Data extracts –
------------------------------

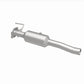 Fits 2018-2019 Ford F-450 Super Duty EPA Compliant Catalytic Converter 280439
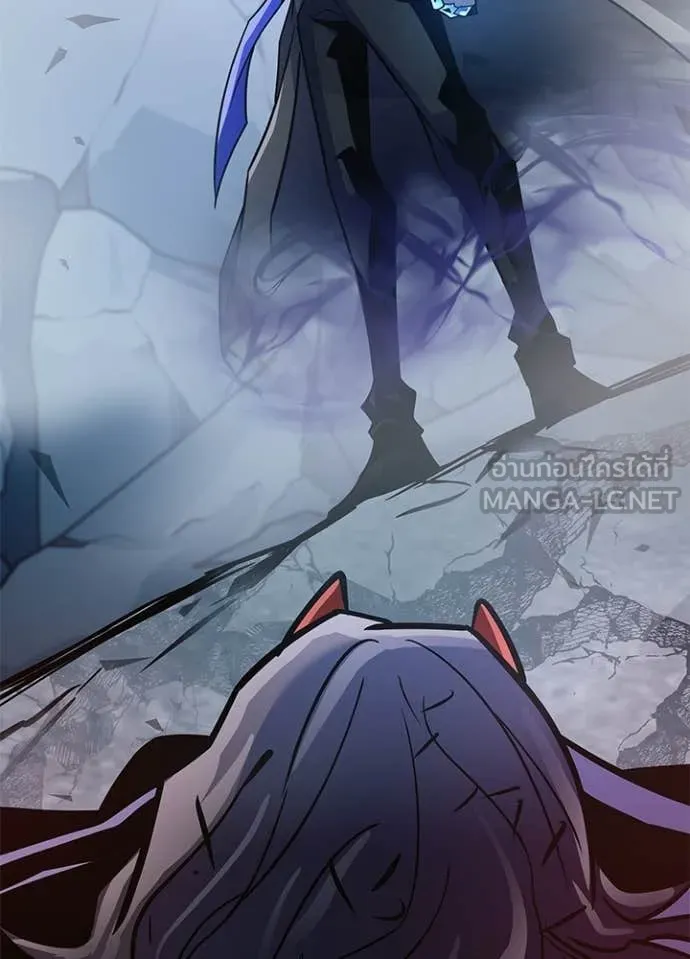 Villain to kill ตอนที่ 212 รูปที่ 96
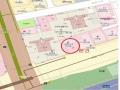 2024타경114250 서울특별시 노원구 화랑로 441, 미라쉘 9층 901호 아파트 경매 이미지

------------------------------

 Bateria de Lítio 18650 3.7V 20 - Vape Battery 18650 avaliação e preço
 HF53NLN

------------------------------

What the exercise asks – Return word for word the lines of the listing above, starting at the line with "Fits 2018-2019 Ford" and ending at the line with "2024타경114250 서울특별시 노원구", both included. Pictures do not belong in the copy.

Exercise output –
 Fits 2018-2019 Ford F-450 Super Duty EPA Compliant Catalytic Converter 280439
 Villain to kill ตอนที่ 212 รูปที่ 96
 2024타경114250 서울특별시 노원구 화랑로 441, 미라쉘 9층 901호 아파트 경매 이미지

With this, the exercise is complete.